Weight bias and prejudices coming from medical professionals?  And, especially from dietitians? (let me hide myself here…)!  This leading to clients feeling awful about themselves..even worthless.  This is what I heard from one of my readers recently.

Perhaps this feeling worthless is a self-perception that becomes more sensitive when you are overweight or obese and need to see a doctor or dietitian.  The special reader I connected with was keen to make lifestyle changes to become healthier for herself and her family…she has access to a dietitian at her job to help her achieve this goal.  However, this dietitian made her feel bad about herself.

Because of that she doesn’t use this resource to achieve her goals.  In fact, in our discussion, she pointed out something so apparent I never deeply thought about it before…She said that she (and others she knows) avoids going to doctors too because some of them make you feel so horrible about being a bigger person.  Here is her comment to me, which she said I could share, “do they not think that fat people may be depressed enough ? I know I need to lose weight and all but don’t make me feel like a worthless person because of my size.” I guess I knew biases and ignorant attitudes by health professionals do exist…but I was shocked by how much!  In fact, studies have shown that almost 70% of overweight and obese people have experienced weight bias by doctors and up to 81% of dietetic students have prejudices against the same group. (1,2)

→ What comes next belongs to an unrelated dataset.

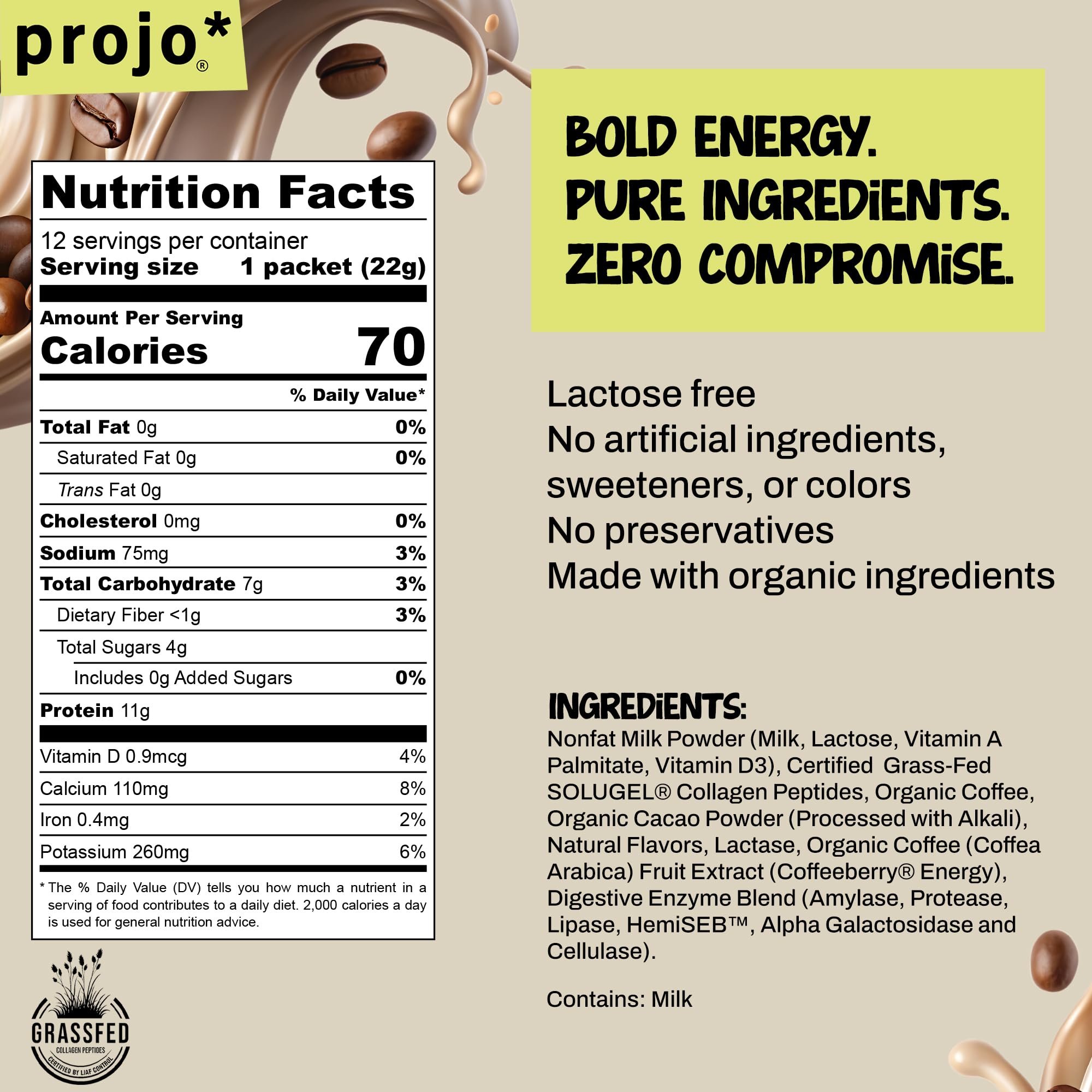Projo* Power Coffee - Instant Coffee with 11g Protein - Grass-Fed Hydrolyzed Bovine Collagen & 175mg Caffeine - Mocha Latte Flavor - Organic - Energy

I am sure that there are readers out there that have access to good health care, including doctors and dietitians, but refuse to go because they feel worthless about themselves when they leave the appointment!  What is the problem?  Are overweight people more sensitive to comments in medical consultations or are health professionals lacking in tact and have bias against overweight clients?  Whatever the reasons it happens, the result is that some, perhaps many overweight and obese people who need good medical advice do not seek it because of self-esteem issues.  And as health professionals we must be aware of this and use the proper terms to encourage clients to make healthy lifestyle changes in a positive way.  Because when that client leaves the office, they won’t remember the suggestions on how to successfully lose weight but they will remember how they feel about being overweight.  My question to you readers, have any of you experienced discrimination or untactful words at a health professional’s office?  What was your reaction?  Would love to hear your comments to know the extent of this issue.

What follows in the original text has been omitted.